The studies on SST noise modeling also mention an approach that relies on the so-called noise–power–distance (NPD) data [24]. The approach is used primarily for the computation of noise around airports and scenario assessment, rather than noise at the certification measurement points. In the absence of experimental data for the NPD characteristics of SST, they can be obtained via computation with semi-empirical models [21] for different noise sources and then used for assessing the noise contour areas [15,25]. In the context of the certification noise, it can be said to start, in a sense, with an answer, because rudimentary noise characteristics for each airplane are given as tabular lookup data [11].

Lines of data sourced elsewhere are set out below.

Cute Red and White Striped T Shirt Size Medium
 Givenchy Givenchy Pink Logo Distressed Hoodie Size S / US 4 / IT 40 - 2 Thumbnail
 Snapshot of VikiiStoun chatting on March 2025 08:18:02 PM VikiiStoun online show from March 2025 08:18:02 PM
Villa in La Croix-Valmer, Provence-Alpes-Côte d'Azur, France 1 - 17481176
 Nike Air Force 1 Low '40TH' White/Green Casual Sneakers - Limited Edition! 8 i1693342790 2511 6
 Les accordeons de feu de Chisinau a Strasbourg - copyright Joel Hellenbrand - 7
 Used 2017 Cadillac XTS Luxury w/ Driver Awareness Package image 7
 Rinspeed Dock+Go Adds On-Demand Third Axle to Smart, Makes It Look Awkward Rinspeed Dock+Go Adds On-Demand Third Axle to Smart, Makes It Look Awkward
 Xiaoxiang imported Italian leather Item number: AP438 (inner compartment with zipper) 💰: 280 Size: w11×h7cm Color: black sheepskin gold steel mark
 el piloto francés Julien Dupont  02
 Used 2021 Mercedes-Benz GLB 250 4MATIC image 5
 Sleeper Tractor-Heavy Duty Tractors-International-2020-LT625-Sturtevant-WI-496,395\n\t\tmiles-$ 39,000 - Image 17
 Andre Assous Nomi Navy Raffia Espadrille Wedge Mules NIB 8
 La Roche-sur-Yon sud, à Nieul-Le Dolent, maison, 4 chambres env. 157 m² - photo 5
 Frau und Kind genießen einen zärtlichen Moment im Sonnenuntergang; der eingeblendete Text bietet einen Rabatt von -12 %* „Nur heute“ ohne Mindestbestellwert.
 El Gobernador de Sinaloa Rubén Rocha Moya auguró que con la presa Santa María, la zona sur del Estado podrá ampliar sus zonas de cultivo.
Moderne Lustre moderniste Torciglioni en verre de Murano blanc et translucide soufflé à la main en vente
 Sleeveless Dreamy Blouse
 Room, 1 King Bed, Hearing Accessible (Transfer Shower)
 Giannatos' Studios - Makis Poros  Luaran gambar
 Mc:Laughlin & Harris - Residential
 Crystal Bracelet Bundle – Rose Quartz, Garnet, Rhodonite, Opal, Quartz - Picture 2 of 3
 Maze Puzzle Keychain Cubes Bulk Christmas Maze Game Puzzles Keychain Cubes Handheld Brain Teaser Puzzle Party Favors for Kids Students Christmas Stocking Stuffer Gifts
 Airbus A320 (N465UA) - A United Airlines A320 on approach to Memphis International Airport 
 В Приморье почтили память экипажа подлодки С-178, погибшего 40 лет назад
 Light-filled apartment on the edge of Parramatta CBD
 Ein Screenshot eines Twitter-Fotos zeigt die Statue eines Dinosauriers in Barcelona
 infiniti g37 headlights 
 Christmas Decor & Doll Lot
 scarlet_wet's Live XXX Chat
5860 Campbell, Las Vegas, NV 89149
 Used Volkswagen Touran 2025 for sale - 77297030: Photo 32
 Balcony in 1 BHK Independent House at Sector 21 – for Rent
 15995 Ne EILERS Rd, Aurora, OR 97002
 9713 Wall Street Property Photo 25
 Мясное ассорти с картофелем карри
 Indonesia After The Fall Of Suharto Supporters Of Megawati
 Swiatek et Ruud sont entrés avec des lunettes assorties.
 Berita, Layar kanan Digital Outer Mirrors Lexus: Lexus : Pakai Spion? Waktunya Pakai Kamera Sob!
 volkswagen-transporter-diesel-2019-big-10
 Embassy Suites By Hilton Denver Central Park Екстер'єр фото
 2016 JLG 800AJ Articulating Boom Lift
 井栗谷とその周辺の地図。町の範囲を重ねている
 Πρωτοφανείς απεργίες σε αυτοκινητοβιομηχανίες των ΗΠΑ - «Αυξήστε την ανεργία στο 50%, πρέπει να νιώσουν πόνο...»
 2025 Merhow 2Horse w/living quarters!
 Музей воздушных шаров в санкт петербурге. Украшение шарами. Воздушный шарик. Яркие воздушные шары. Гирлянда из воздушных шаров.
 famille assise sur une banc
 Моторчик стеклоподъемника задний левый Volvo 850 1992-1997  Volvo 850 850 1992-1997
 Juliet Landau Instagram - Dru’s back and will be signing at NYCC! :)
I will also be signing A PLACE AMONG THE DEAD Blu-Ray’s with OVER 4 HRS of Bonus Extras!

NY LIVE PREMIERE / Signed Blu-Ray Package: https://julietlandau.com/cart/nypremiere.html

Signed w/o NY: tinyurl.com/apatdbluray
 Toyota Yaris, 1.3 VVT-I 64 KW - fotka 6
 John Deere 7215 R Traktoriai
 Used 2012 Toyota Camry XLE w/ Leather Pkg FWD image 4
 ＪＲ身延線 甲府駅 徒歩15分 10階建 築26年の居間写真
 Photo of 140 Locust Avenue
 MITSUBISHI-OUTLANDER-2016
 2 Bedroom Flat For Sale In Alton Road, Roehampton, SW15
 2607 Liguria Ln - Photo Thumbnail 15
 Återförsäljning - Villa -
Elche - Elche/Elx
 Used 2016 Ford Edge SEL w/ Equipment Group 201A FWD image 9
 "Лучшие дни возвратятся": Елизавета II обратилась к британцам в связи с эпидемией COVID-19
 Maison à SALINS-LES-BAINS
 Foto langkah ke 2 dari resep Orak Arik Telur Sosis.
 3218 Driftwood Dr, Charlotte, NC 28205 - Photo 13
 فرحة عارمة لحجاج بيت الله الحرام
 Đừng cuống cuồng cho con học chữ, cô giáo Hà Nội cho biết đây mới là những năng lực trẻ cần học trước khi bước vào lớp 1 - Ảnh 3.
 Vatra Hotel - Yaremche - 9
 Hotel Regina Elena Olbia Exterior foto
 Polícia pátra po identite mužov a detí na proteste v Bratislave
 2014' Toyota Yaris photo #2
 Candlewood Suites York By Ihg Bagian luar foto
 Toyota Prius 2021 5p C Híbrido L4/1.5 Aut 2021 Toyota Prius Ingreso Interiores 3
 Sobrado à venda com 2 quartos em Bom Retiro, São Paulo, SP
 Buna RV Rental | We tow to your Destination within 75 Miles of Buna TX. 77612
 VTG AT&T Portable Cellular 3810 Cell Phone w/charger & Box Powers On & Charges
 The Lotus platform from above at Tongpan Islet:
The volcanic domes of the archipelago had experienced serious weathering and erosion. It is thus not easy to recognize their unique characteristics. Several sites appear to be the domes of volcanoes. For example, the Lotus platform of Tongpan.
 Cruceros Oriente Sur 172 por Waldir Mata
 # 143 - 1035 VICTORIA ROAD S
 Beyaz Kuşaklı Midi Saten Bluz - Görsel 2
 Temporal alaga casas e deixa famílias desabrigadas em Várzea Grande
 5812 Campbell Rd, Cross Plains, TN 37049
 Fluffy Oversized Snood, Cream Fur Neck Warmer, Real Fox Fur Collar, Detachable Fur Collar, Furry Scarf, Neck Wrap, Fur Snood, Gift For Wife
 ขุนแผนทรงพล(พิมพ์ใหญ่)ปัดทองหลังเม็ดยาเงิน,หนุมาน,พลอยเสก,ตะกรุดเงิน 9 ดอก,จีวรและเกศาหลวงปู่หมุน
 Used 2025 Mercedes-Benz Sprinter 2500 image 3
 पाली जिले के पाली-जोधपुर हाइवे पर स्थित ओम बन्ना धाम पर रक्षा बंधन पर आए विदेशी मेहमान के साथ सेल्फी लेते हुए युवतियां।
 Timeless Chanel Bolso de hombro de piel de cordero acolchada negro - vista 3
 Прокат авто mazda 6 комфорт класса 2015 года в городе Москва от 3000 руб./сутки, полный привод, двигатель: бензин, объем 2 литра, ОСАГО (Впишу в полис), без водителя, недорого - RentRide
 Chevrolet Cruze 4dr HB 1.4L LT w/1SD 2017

There is, however, a different approach that does not seem to be considered in the previous studies on SST noise reduction with VNRS, but which is commonly used for the optimization of trajectories and high-left-devices configuration for subsonic aircraft. The approach decouples engine noise modeling from trajectory computation. It uses engine noise data obtained for a number of thrust values, typically from static engine tests on open test rigs (Figure 1a) or, less frequently, from tests of engines installed on an aircraft (Figure 1b) as one-third octave noise spectra for a range of azimuthal observation angles. The static noise data can be interpolated for different thrusts, thus providing noise level SPL as a smooth function of frequency, azimuthal angle, and thrust. In conjunction with a simple interpolation of the engine thrust as a function of flight speed and altitude at takeoff, it allows for significant simplification of the optimization procedure.

The decoupling approach thus relies on experimental data for engine noise that are obtained independently of the flight parameters of aircraft. Although the noise sources of aircraft engines in static conditions can be different from those in flight conditions [28], it is the static condition data that are used at the later stages of aircraft design. As a result, the methods of estimating certification noise levels based on such kind of data are very reliable and mature. The present study intends to capitalize on this experience of calculating certification noise of subsonic aircraft at the later design stages and implement it for assessment of VNRS efficiency.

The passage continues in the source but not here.